Instead of computing statistics across the batch, layer normalization computes them across the features of each individual sample. For an input vector $x \in \mathbb{R}^d$, the mean and variance are
$$ \mu = \frac{1}{d}\sum_{i=1}^{d} x_i, \qquad \sigma^2 = \frac{1}{d}\sum_{i=1}^{d}(x_i - \mu)^2 $$
The normalized output is
$$ y_i = \frac{x_i - \mu}{\sqrt{\sigma^2 + \epsilon}} \gamma_i + \beta_i $$
Because these statistics are computed within each sample, the behavior of the layer is the same during training and inference. Hence, there is no need to track the running statistics.
Example
Suppose a hidden layer produces the vector $ x = [2,\,4,\,6,\,8]. $ Layer normalization computes the mean and variance using only these four values, then rescales the vector so that it is centered and normalized. This happens independently for each sample.
Batch normalization and layer normalization stabilize neural network training, but they work in different ways and are suited to different architectures.

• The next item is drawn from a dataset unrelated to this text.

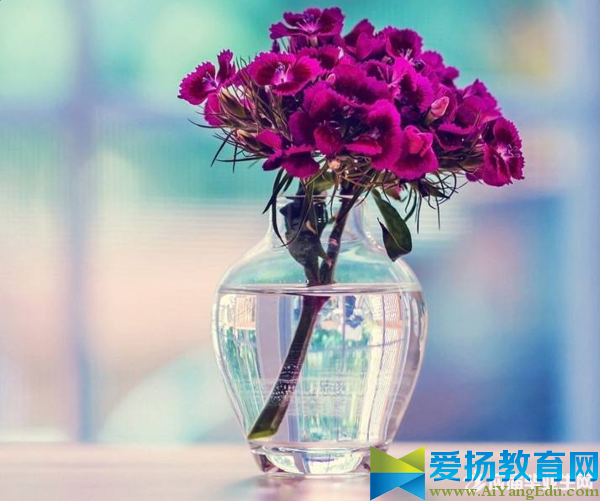 微信早上周末問候語(yǔ)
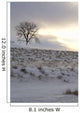 Winter Landscape Wall Mural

Batch normalization computes statistics across the mini-batch (and across spatial dimensions in CNNs). Because it uses many values to estimate the mean and variance, the estimates are usually stable and it often improves optimization speed and generalization in convolutional networks. However, its behavior depends on the batch size and it requires running statistics during inference.
Layer normalization computes statistics using only the features of a single sample, so it behaves the same during training and inference and does not depend on the batch size. This makes it particularly effective for transformers, sequence models, and settings where batches are small or variable.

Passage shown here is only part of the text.